-
Notifications
You must be signed in to change notification settings - Fork 4.1k
kv: switching from ZONE to REGION survival causes unexpected data movement #63810
Description
When switching from ZONE to REGION survival in a 3 node cluster, only a single snapshot is necessary per range. This is because we switch from a topology that looks like:
region 1: voter (leaseholder), voter, voter
region 2: non-voter
region 3: non-voter
to a topology that looks like:
region 1: voter (leaseholder), voter
region 2: voter, voter
region 3: voter
So if both non-voters are promoted to voters, there should only be one snapshot necessary. Furthermore, we could do something smart about how we send that snapshot to avoid the WAN traffic - #42491. But let's ignore that for now.
In one of my tests, this is not what I saw. After switching from ZONE to REGION survivability, each range took the following steps:
1. add new voter in region 2
2. add new voter in region 3
3. remove non-voter in region 2
4. remove non-voter in region 3
5. move voter from region 1 to region 2
This resulted in a total of 3 range snapshots all sent over the WAN. This is a decent amount of wasted data movement, given that we had two perfectly good non-voting replicas that we could have promoted.
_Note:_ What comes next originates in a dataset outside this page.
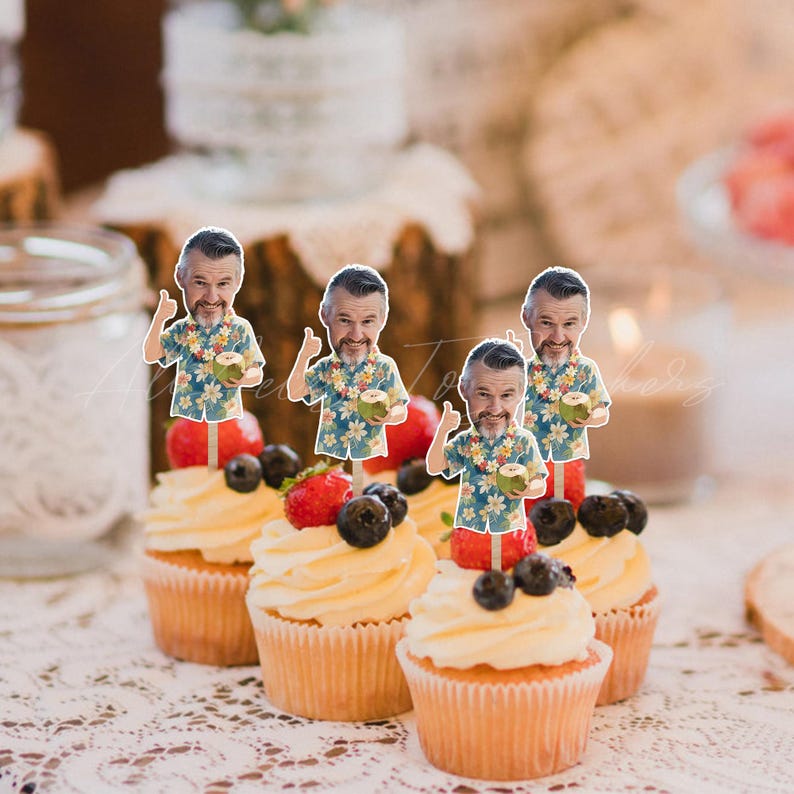 May include: Four cupcakes topped with custom paper cutouts featuring a man with a beard wearing a blue and white floral shirt, holding a green coconut. Each cupcake is decorated with fresh strawberries and blueberries on white frosting.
Do we understand why we made these decisions?
r6455_manual_enqueue_logs.txt
r6455 Range _ Debug _ Cockroach Console Before.pdf
r6455 Range _ Debug _ Cockroach Console After.pdf
Here's the log from a second instance that hurts even more because it includes a non-voter that is deleted and then is quickly replaced by a voter on the same node.
Note: this is an inefficiency, but certainly nothing that we need to rush to fix for v21.1.0. Everything still worked, it was just not as optimal as I was hoping.
Jira issue: CRDB-6780